Here’s the crazy paradigm shift: we can use LLMs on themselves to improve applications, and we can be smart about it.

Evaluate its own output as a feedback loop

For example, we can compare the two different responses using a “Copy to LLM judge” button instead of having to try to wrap our brain slowly around which version might be better.

For example, we can add some level of reproducibility and replay-ability along the way to each step of some process, then simply tell a LLM to look for improvements.

For an even further developer experience improvement, we can add knobs and switches, or helpers like some “copy to clipboard” button so that we can one-click copy and then paste into a LLM of choice.

Can even copy the response of one LLM’s findings to another.

I like: Gemini 3.5 Flash, Opus 4.8 Max, Grok expert mode.

Vibecode a fix, and tell it to add to context.md

Often I run into (CSS) stylistic issues or bugs. When I see these, I tell the LLM to fix it, then update a centralized “design style” context file or doc.

Tell LLM to help debug by temporarily add detailed frontend/backend logs

Sometimes we can’t be sure of what is going on within a difficult process, this is when we can temporarily add rich debug logging, then paste it back to the LLM to give it more context to debug itself.

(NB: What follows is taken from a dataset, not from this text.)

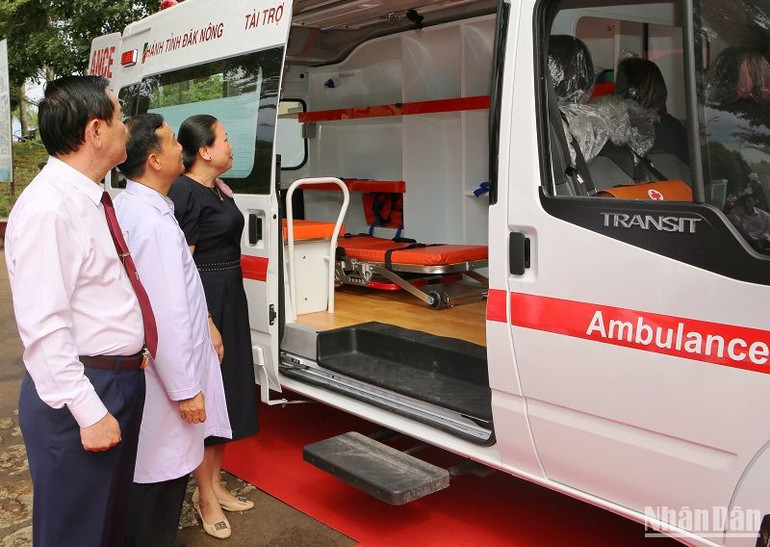 Xe cứu thương trị giá hơn 1,2 tỷ đồng được trích từ nguồn kinh phí dành cho hoạt động an sinh xã hội của Ngân hàng.
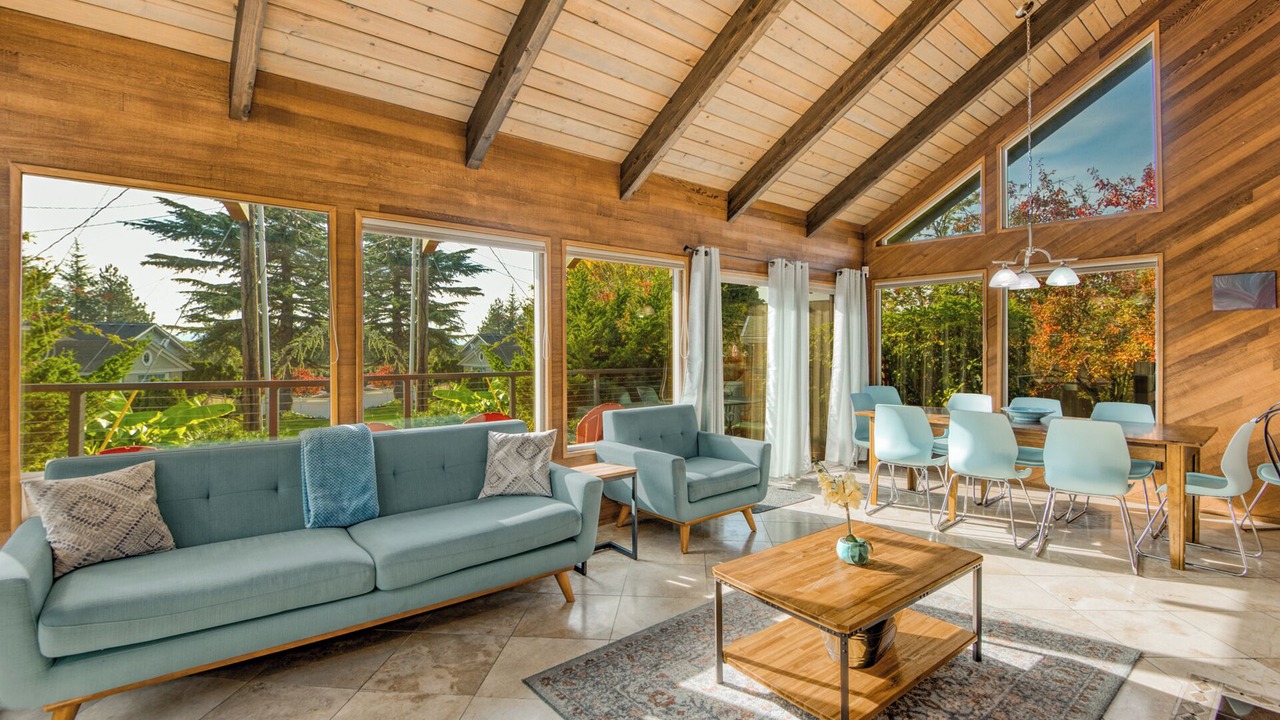 Photo of Livingroom in Old Evergreen Highway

Update design docs / context rules continuously

Persist and update design docs when adding or modifying major feature changes. This is akin to human-written technical design documents in the past, but now its the LLMs reading and updating them.

Code comments aren’t good enough IMO, since they can be scattered across different files, so it takes longer to read from them or update them - docs are more centralized.

Heck, you can even surface docs in a Markdown renderer on the frontend to read easier (instad of in VS Code preview).

Vibecode a feature, tell the LLM to test it with an ad-hoc script or cURL request

I think a lot of SOTA coding agents already do this nowadays without additional prompting, but its quite ergonomic to tell the LLM to just test a feature it just built, itself. It can think of more test cases than a human anyways.